No. #116 added links for individual updates. This will add links for the complete feed. Because I think we all agree to support this I will take care of this issue.

pschirmacher commented 9 years ago

One thing that might have to be considered is how to handle new feed entries while a client is browsing through the paginated feed. Example:

There are 30 statuses in the database (IDs from large/latest to small/oldest): [30 .. 1]
A client accesses the first page of the feed and is presented with the latest 25 entries: [30 .. 6]
A new status is added to the database: [31 .. 1]
The client follows the 'previous' link. Which statuses is he going to get? [5 .. 1] or [6 .. 1]?

Another example:

Again 30 statuses in database: [30 .. 1]
A client accesses the first page of the feed: [30 .. 6]
100 new statuses are added to the database: [130 .. 1]
Will the 'previous' link now point to [105 .. 81] or to [5 .. 1]?

mvitz commented 9 years ago

I had this discussion previously. Is there any other solution than passing the first (or last item) processed in the current chunk? With this information the server could solve some of your problematic use cases.

pschirmacher commented 9 years ago

passing the first (or last item) processed in the current chunk

I'm not sure I understand what you mean by that. Do you mean adding more information to the 'previous' link so that the server can figure out "from where to start"? Example:

30 statuses in database
GET /feed

feed with entries 30 to 6 and 'previous' link /feed?from=5?

tloist commented 9 years ago

@pschirmacher That's a ConcurrentModificationException, you've described there.

A quick search through the HTTP Status Codes let's me assume that this would be an 409 - Conflict. This would require that the server knows that the resource was changed in the mean time and makes browsing through paginated feeds more or less a pain, so I would hope that the resource is read far more often than edited... (which may be wrong).

mvitz commented 9 years ago

@pschirmacher: Yes that was the idea I had.
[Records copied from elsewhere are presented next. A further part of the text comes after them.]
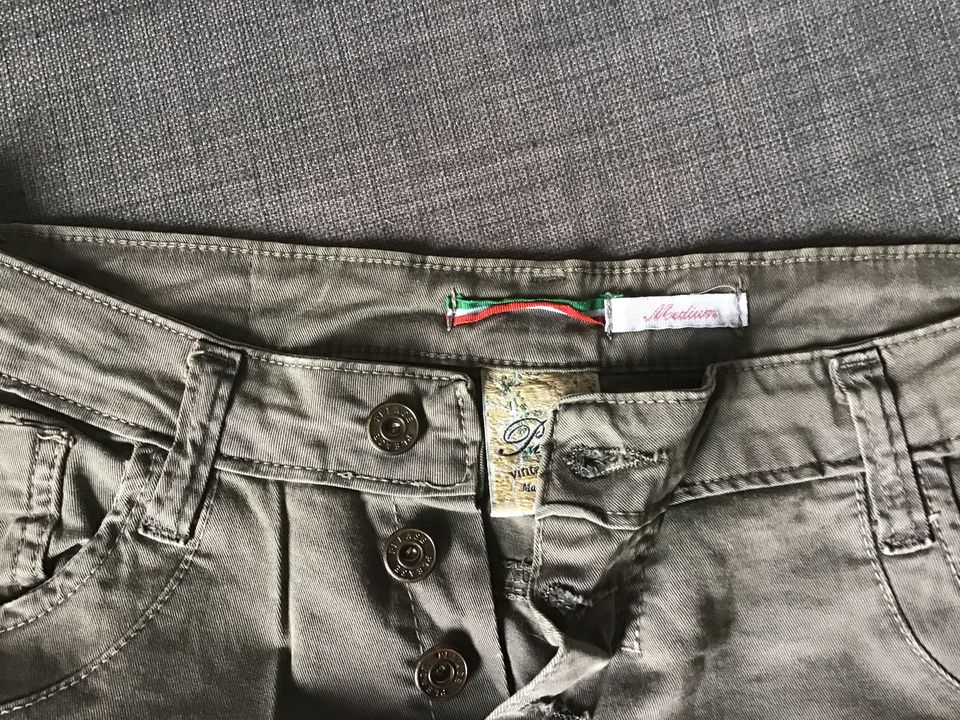 PLEASE Hose/Jeans Gr. M Khaki neuwertig in Aßlar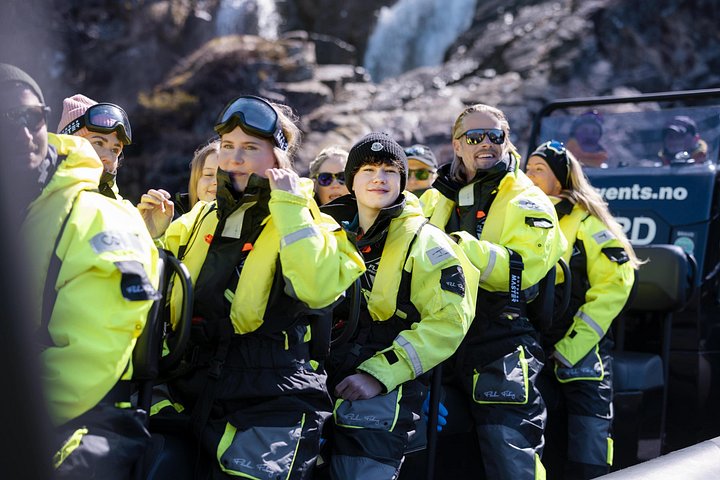 Spannende RIB-boottour door de Noorse Lysefjord, met dramatische kliffen en de Preikestolen nabij Stavanger, foto 19 | wizardtrip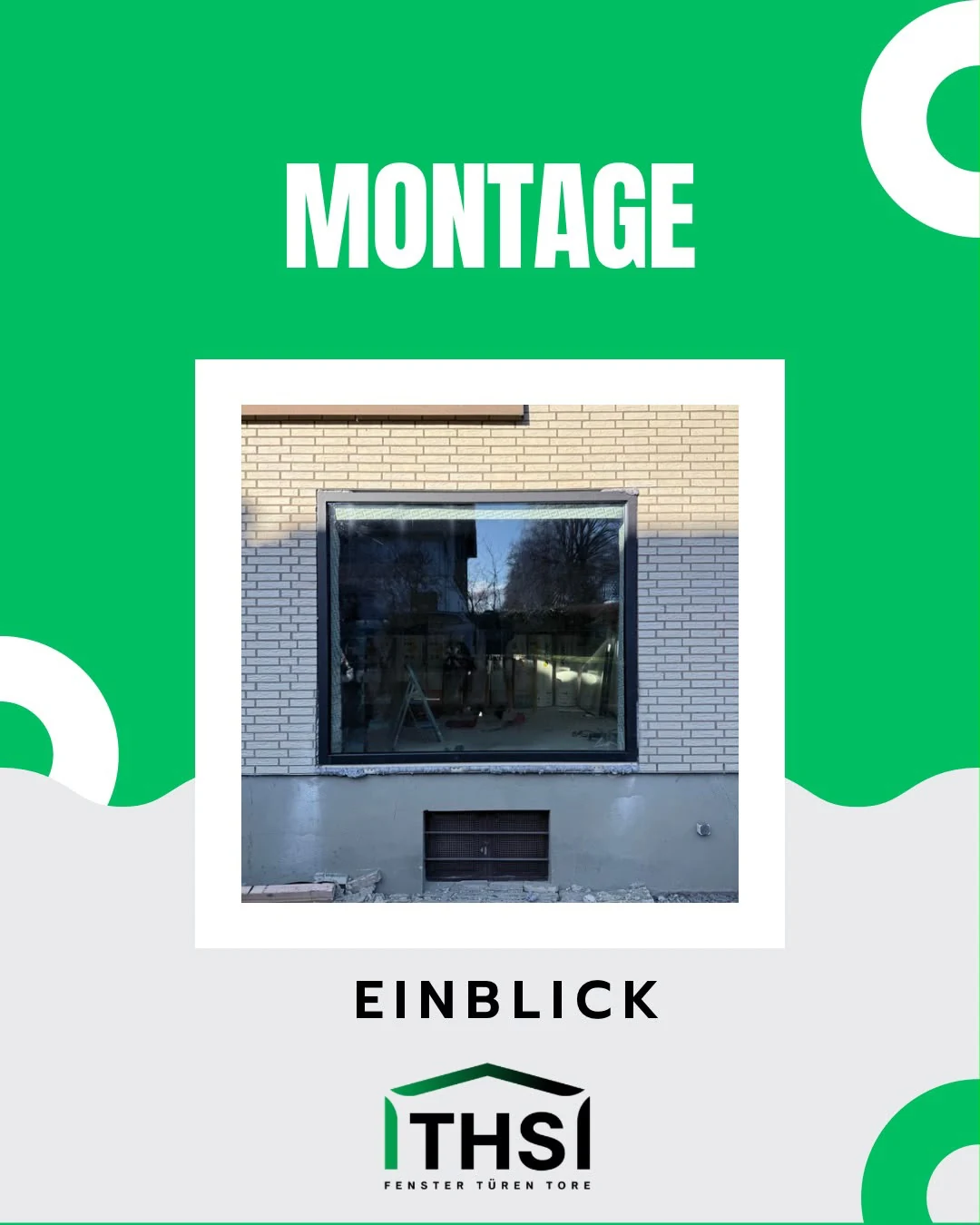 THS-Montagegrafik mit einem dunklen Fensterelement in einer hellen Klinkerfassade.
In general the problem described here is hard to solve without taking a snapshot of the data for a complete session from a client. And this is something nobody want's to do (at least in this case).

aheusingfeld commented 9 years ago

That's a ConcurrentModificationException

@tloist It's not! That would only happen if the server held the state of the list/ cursor, the client is currently iterating over. I seriously hope that none of us would implement it this way.
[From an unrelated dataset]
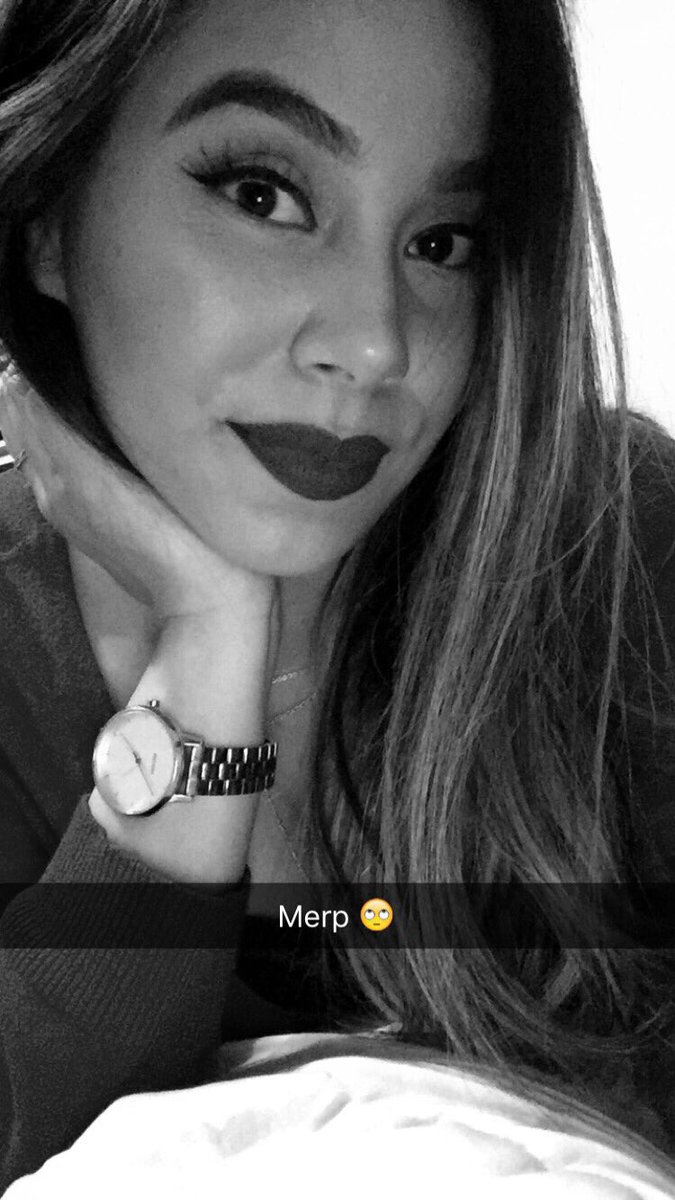 ambervanessa_'s tweet photo. So glad to be home 😅 #targetlife #longassshift https://t.co/BsGfSZ0cz6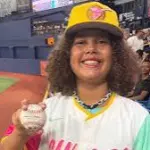 Tatis Jr. protagoniza emotivo momento con niño que atrapó su jonrón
feed with entries 30 to 6 and 'previous' link /feed?from=5

@pschirmacher That makes perfect sense to me. Optionally we should add the number/ count of items to fetch. In this case the server could simply get the list of all the "updates", find the item with id=5 and return the following count of "updates"

mvitz commented 9 years ago

Only problem with this approach is calculating the last link because the from parameter points to the newest item in the current chunk.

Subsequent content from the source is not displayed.